不活性化させたダンジョンを切り分けて、モンスターを全部消し、制御できる個体のみを必要に応じて生成している。
ディスプレイに新しく映し出されたチュートリアルダンジョンもシーザーが調整したものだね。
イベント用なだけあって、通常のチュートリアルとは違う点が二つ。
一つは広大さ。イベントダンジョンの半径は一キロメートルを優に超す。
そしてもう一つが、地表を覆い尽くすコンクリートジャングルだ。
「なるほどな、通常のダンジョンとの差別化と言う訳か」
「えぇ、主様からはそういうディレクションを受けましたのぅ。対人戦に気持ちを切り替えやすいようガラッと雰囲気を変えて欲しい、と。まだ構築途中の建物も多いですが、イベントまでには都心と遜色ない街並みにしますぞ」
「面倒を掛けるね」
「気になさらないでくださいませ、主様の道楽に付き合うのも僕の務めですからな」
「道楽?」
「〔神〕は星の守護者だからね。人類を救おうと色々してるのも根っこを突き詰めればただの趣味でしかないんだよ」
そして〔眷属〕ってのは往々にしてそういう些事をさせるために創られる。
僕は元人間だからちょっと特殊だけど、本来〔神〕が地上で力を振るえば星全体の環境が激変する。
過干渉を厭う〔神〕にとってそれは望ましいことじゃないんだ。
逆に〔神〕が本腰を入れなくちゃいけないこと──例えば厄災からの〔星界〕防衛──には、最高位の〔眷属〕であっても力がまるで足りない。
アースやニャビ、シーザーが全員ダンジョンクエストの運営に携わっているのはそういう側面もあったりする。

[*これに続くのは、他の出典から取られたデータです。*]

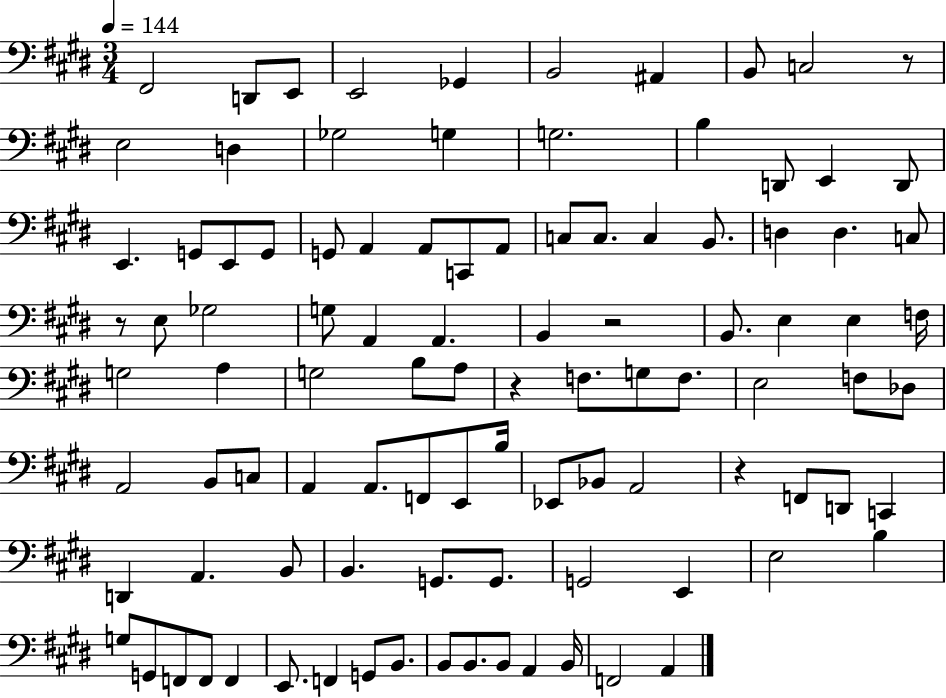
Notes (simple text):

F#2/h D2/e E2/e E2/h Gb2/q B2/h A#2/q B2/e C3/h R/e E3/h D3/q Gb3/h G3/q G3/h. B3/q D2/e E2/q D2/e E2/q. G2/e E2/e G2/e G2/e A2/q A2/e C2/e A2/e C3/e C3/e. C3/q B2/e. D3/q D3/q. C3/e R/e E3/e Gb3/h G3/e A2/q A2/q. B2/q R/h B2/e. E3/q E3/q F3/s G3/h A3/q G3/h B3/e A3/e R/q F3/e. G3/e F3/e. E3/h F3/e Db3/e A2/h B2/e C3/e A2/q A2/e. F2/e E2/e B3/s Eb2/e Bb2/e A2/h R/q F2/e D2/e C2/q D2/q A2/q. B2/e B2/q. G2/e. G2/e. G2/h E2/q E3/h B3/q G3/e G2/e F2/e F2/e F2/q E2/e. F2/q G2/e B2/e. B2/e B2/e. B2/e A2/q B2/s F2/h A2/q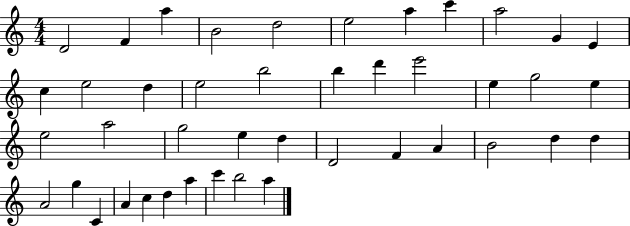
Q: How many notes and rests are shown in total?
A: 43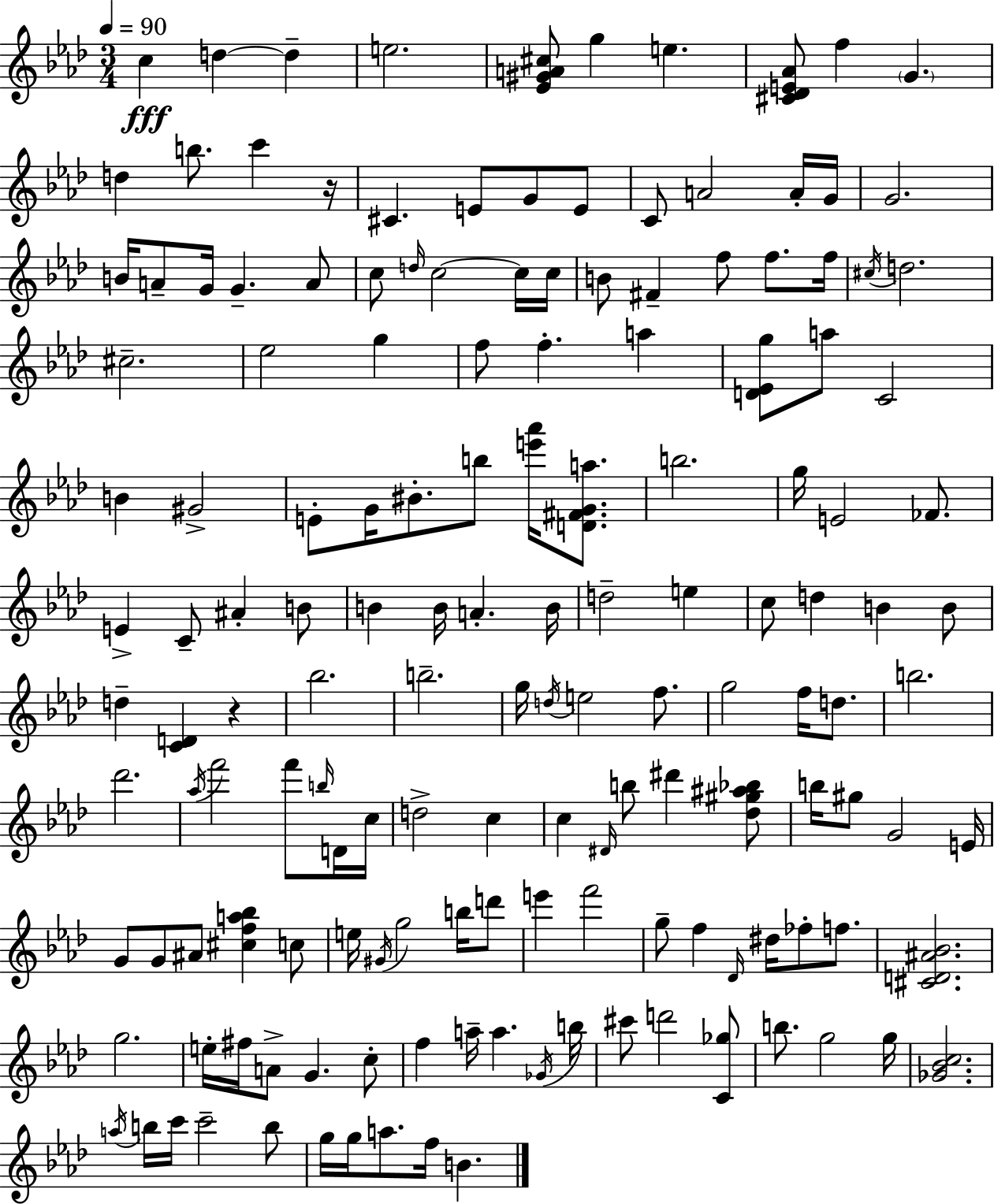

「何だそういう意味か。てっきり面白がってバトルロイヤルを開こうとしているのかと思ってしまった」
「まあランク四達の激突が見たくないって言ったら嘘になるね」
「おい」
ジットリとした目で睨まれてしまう。
ちょっと前に『信用している』なんて言ってたくせに今じゃまるで邪神を見るかのようだ。酷い。
「悲しいなぁ。僕はこんなに真面目一辺倒でやってるのに」
「それにしてはゲーム形式でアプリを配ったりアースに配信をさせたりと大分趣味が入っているように思えるがな」
まあいい、と頭を振った加賀美さんは、最後に軽く挨拶をしてから神社を去ろうとする。
その段になって僕は一つ伝達事項を思い出し、一声かけた。
「そうだ、<ドメイン>の開発だけど目途が立ったよ。ゴールデンウィークには間に合いそうだ」
「ありがとう──それは楽しみだ」
最後に、ゾッとするほど美しく、獰猛な笑みを浮かべて彼女は鏡の向こうへと消えて行った。